«No sé por qué no estamos desesperados», decía François Mauriac en un alarde de sentido común. Ni yo. No sé si forma parte de nuestra grandeza o si lo que pasa es que no tenemos solución. A pesar de tantas cosas, basta dar un paseo o reunirte con algún amigo al que hace tiempo no veías, disfrutar de un sábado soleado y pacífico, hojear un libro, pararte en la ventana mirando hacia la noche y encontrarla atractiva y misteriosa como una adolescente, ver una película, acariciar la frente de tu hijo... dejar de querer controlarlo todo, porque todo funciona sin ti, o incluso a pesar de ti. Y entonces te sientes en paz pero sabes que no durará mucho. Tarde o temprano volverá la ansiedad y echarás de menos las mismas cosas precisas o imprecisas. Y el telediario te borrará esa sonrisa angelical.

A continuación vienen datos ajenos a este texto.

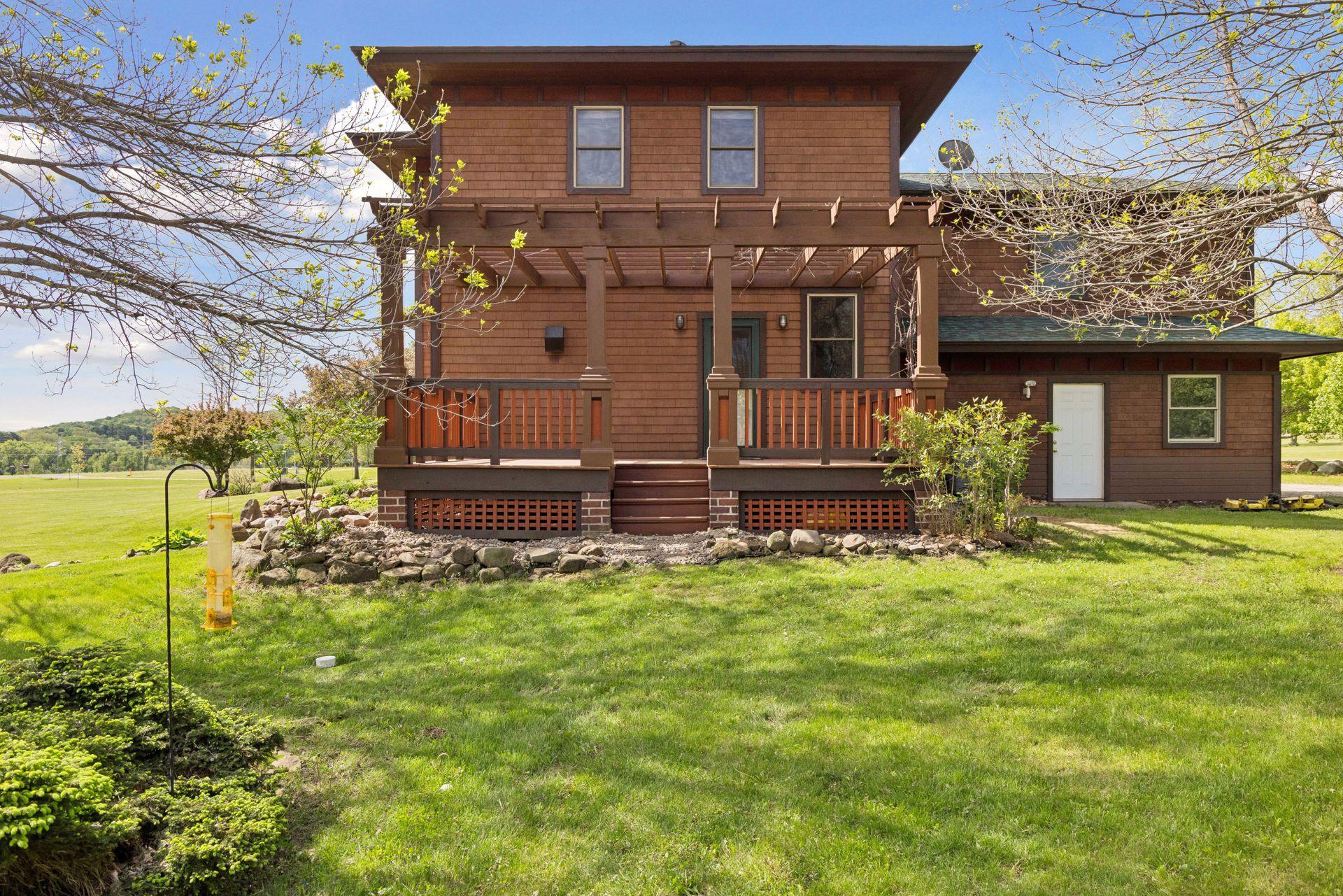 392 Old Cemetery Road , River Falls, WI 54022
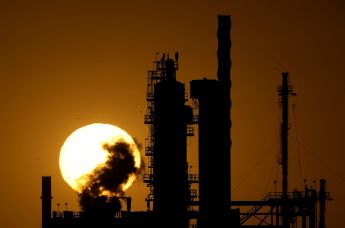 Нефтеперерабатывающий завод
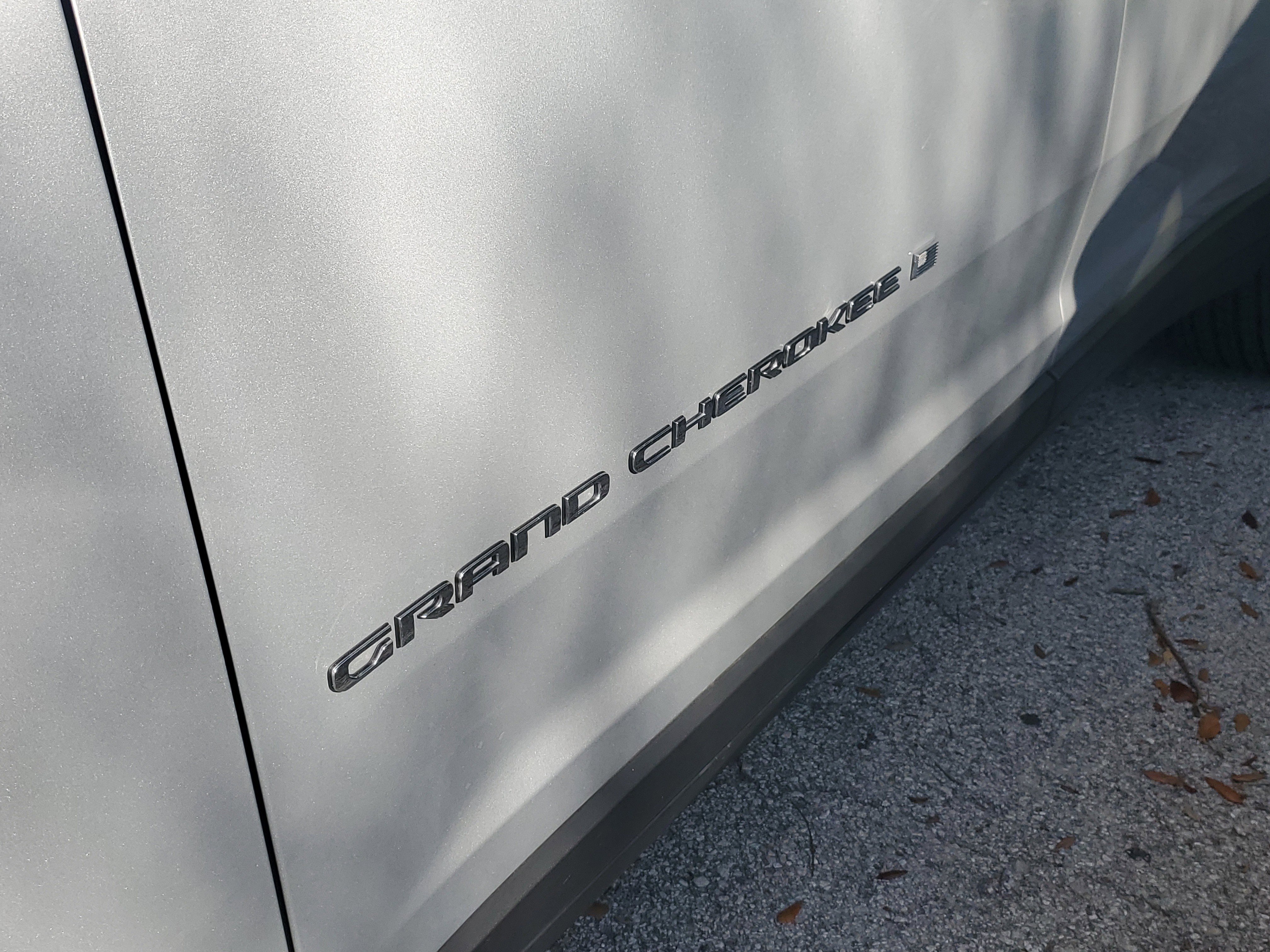 Used 2023 Jeep Grand Cherokee L Laredo image 4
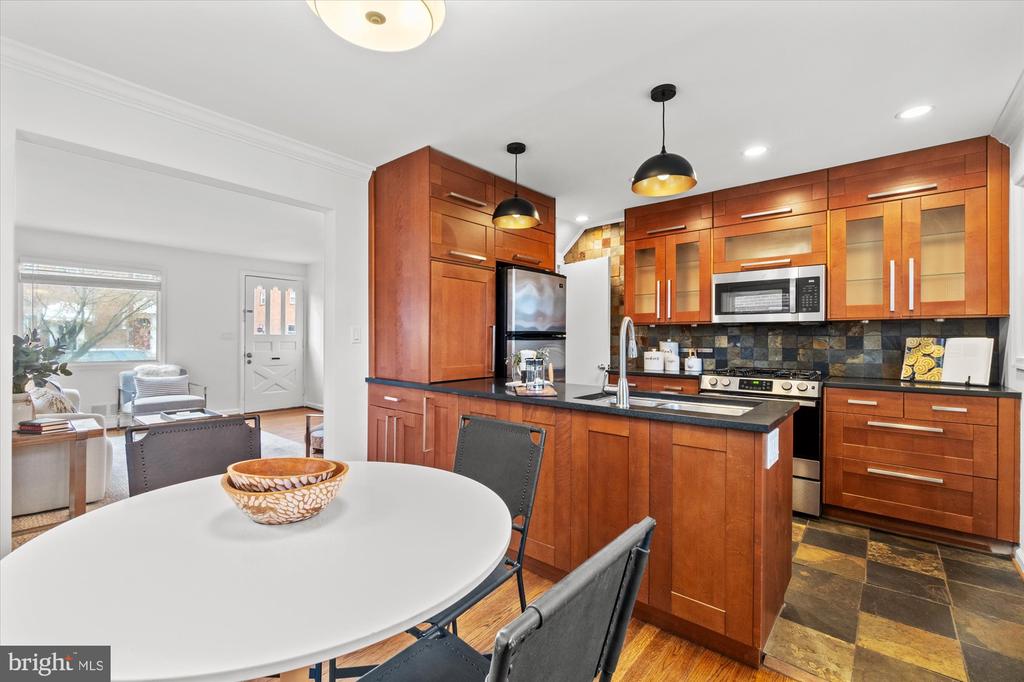 118 E Glendale Ave E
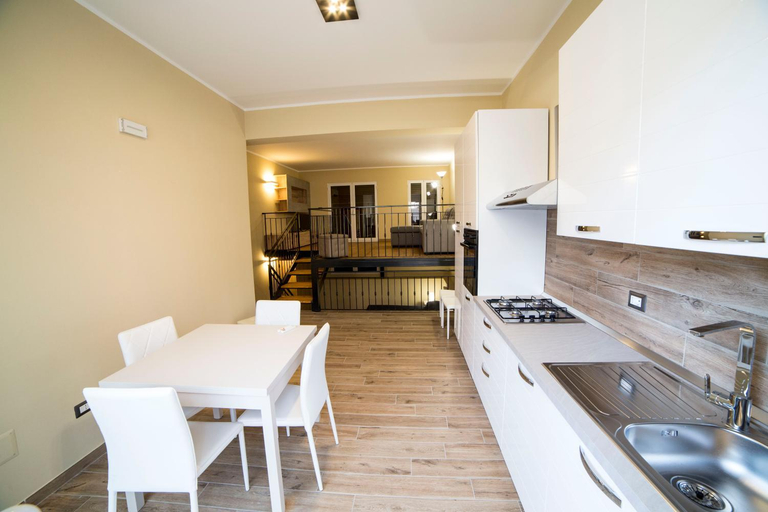 Others 5, SUNSET LOFT, Messina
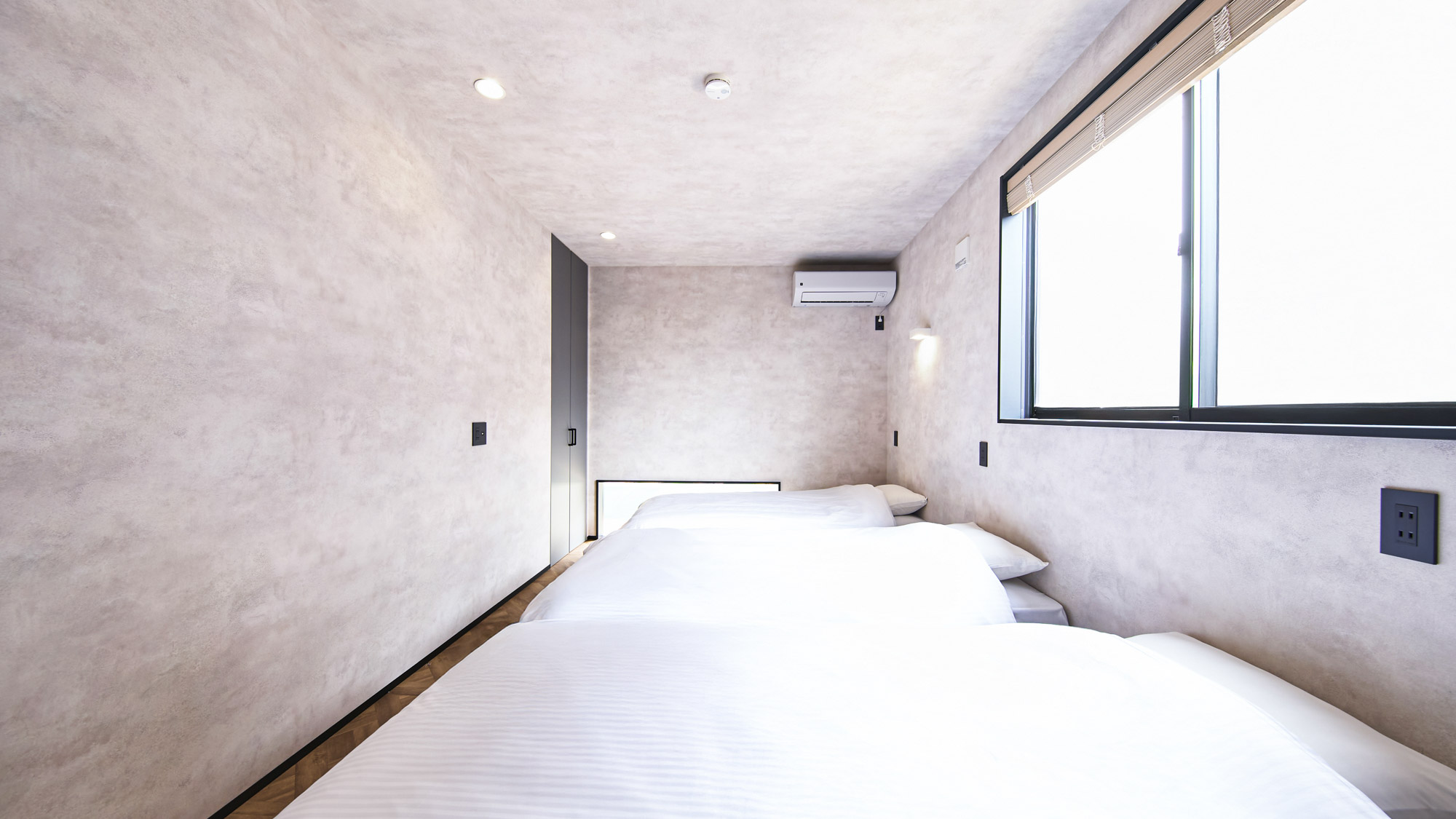 寝室2：シングル3台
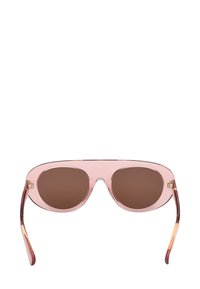 Vaaleanpunaiset läpikuultavat muoviset aurinkolasit, joissa on ruskeat soikeat linssit ja harmaasävyiset sankakappaleet, esitetty eteenpäin valkoista taustaa vasten.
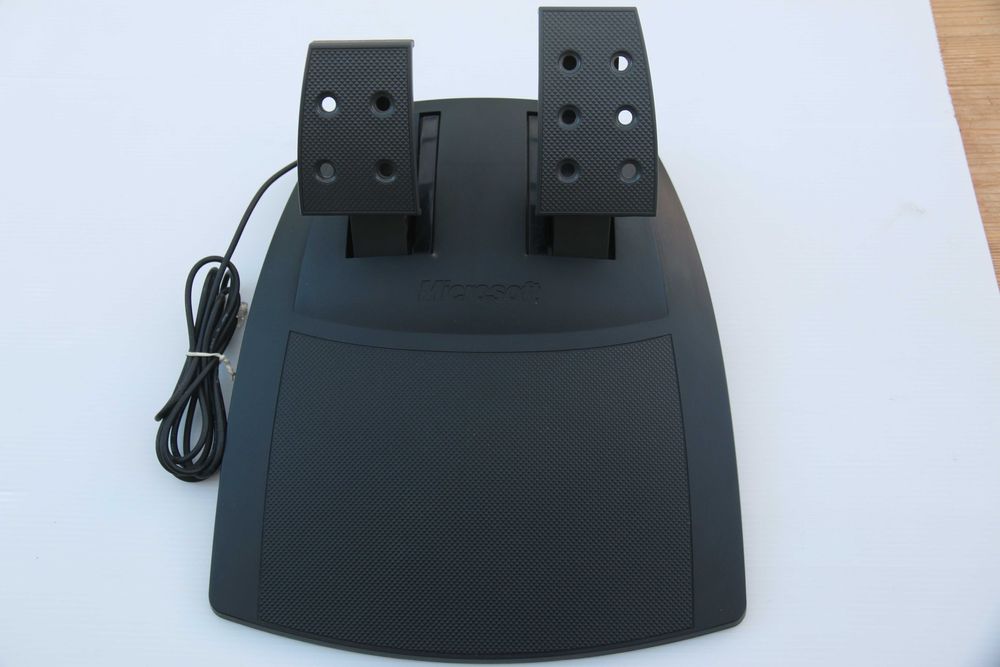 Microsoft SideWinder Precision Racing Wheel and Pedals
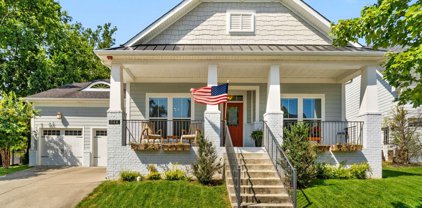 648 Streamside Ln, Franklin
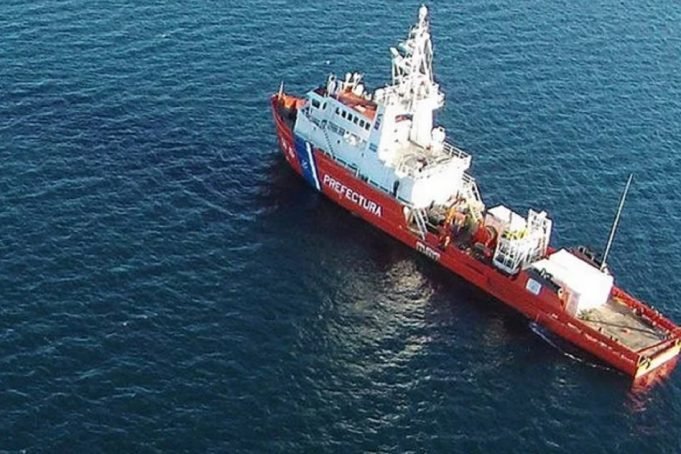 PREFECTURA NAVAL BUSCA LOCALIZAR A UN MARINERO DESAPARECIDO EN MAR ARGENTINO.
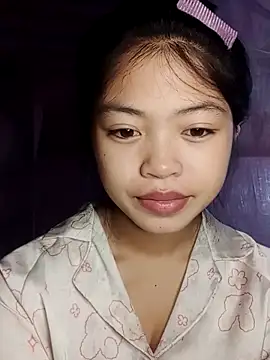 Snapshot of Thy00__ chatting on October 2025 12:44:01 AM Thy00 online show from October 2025 12:44:01 AM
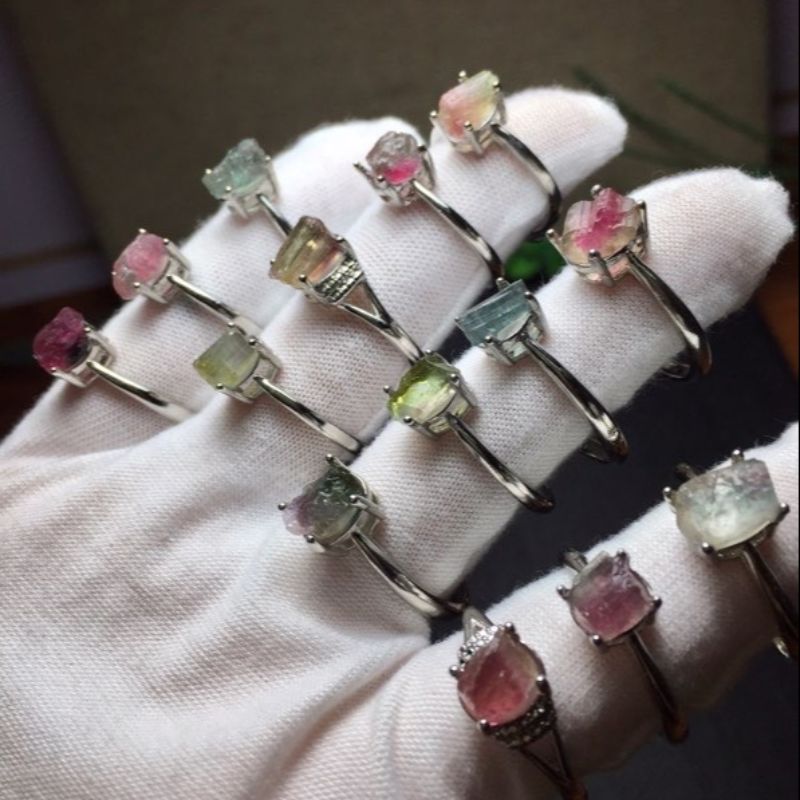 The bright crystal jewelry natural tourmaline rough stone copper set open ring is so beautiful Application Scenario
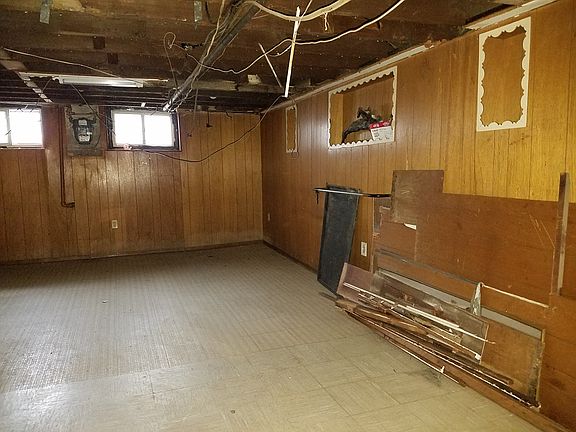 semi-finished basement w/1/2 bath
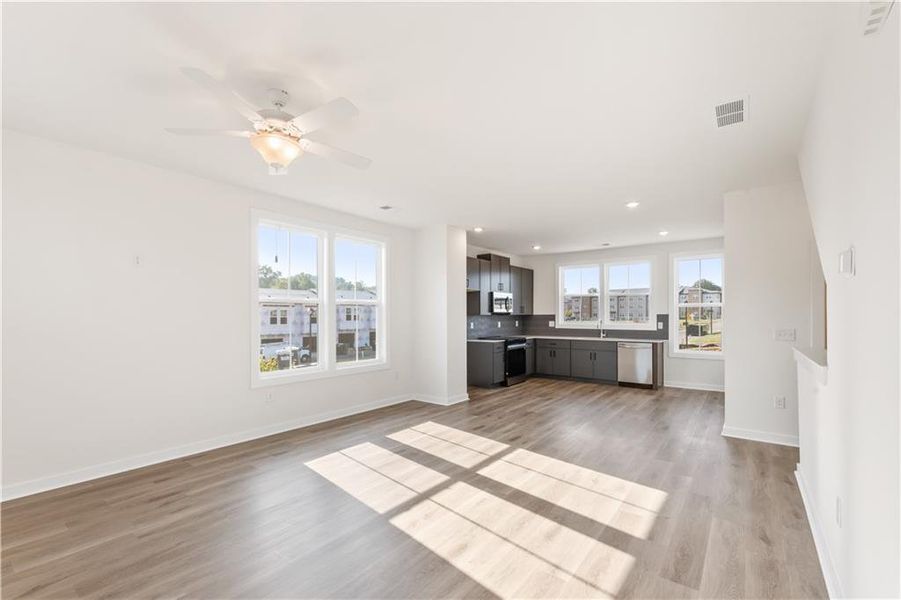Spacious, unfurnished interior of a new home in Array, Atlanta (Image 16).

Pero, aun sabiendo todo eso, últimamente quiero pensar en cosas agradables -es mi forma de resistencia-, así que ayer por la tarde me di al chocolate. Quizá les parezca asunto sin importancia. Pues no. Poco hemos agradecido a quien nos lo trajo tantos momentos de placer. Seguro que muchos de ustedes no le ponen ni nombre. Muy mal: Fue un tal Jerónimo de Aguilar, un monje aragonés que, embarcado en la expedición de Núñez de Balboa, acabó en Yucatán tras un naufragio y descubrió allí la bebida de los Mayas. Rescatado años después por Hernán Cortés, Fray Jerónimo envió la materia prima y la receta al abad del Monasterio de Piedra. En esa cocina zaragozana la orden del Císter preparó la primera taza de chocolate europea. El resto es historia y, para algunas, perdición. Dicen que es un sustituto del sexo, pero yo nunca he entendido por qué hay que sustituir nada. En los momentos de crisis, la felicidad puede ser cuestión de Estado. Sursum corda, hermanos, a pesar de Mauriac. A pesar de todo.